This game blew me the fuck away when I first played it. It was hauntingly beautiful and irresistible as that lighthouse beckoned me out of the water. The story to follow, at the time, was the best I've seen in a game, and it's still up there. The combat situations had a lot of freedom, and even though the mechanics weren't necessarily up to snuff, discovering all of the ways to take down a Big Daddy were always a huge draw. The sequel was fine, nothing to write home about, though its mechanics were improved. Infinite is one of the biggest games this year, and while I liked it quite a bit, I don't consider it one of my favorite games of the generation simply because it didn't give me the same sense of awe and wonder as the original. The ending is still conceptually mindblowing and maybe my favorite thing about it.

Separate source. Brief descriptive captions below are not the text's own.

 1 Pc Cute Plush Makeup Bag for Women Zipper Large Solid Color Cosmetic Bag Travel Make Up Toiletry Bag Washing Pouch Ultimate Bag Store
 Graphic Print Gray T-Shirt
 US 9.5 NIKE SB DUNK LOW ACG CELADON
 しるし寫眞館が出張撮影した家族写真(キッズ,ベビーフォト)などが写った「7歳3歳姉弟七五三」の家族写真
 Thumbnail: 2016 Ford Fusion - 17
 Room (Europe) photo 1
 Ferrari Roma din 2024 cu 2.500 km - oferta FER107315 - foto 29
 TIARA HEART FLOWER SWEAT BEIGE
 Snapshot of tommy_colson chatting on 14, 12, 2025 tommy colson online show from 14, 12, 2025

Damn, I'm tired! But here we are at the end of this obscenely long blog. Red Faction Guerrilla...a hell of a game. I'd go so far as to say it's the most underrated game the generation. The technology that fuels it is spectacular and amazing but criminally overlooked. Seriously, how the hell did this game not get huge? Why can't GeoMod be in more games? This is the best destruction engine out there, hands down. The game itself is solid, too. There is a perfectly serviceable story nestled in this open-world action game. The game is structured very similarly to the first two Saints Row games, making sure you have a lot of things to do besides just finishing the main story. Most of the game's objectives are smartly designed around destroying the living shit out of everything in sight, and that never, ever gets old. Especially in the multiplayer. The MP in this game was AWESOME, man. For some reason, Volition and THQ shot themselves in the foot by releasing Armageddon after this, which wasn't a bad game, but didn't offer near the same experience as Guerrilla. Now THQ is gone and Volition no longer own the IP, leaving the future of the series in uncertainty.
Well, if you actually read all of this, then thank you. Really. But what the hell are you doing? If you just looked at my list without reading all or any of what I had to say, still thank you. Just thank you less.
I'm so glad this generation is about to be over. BRING ON THE NEW CONSOLES, BABY.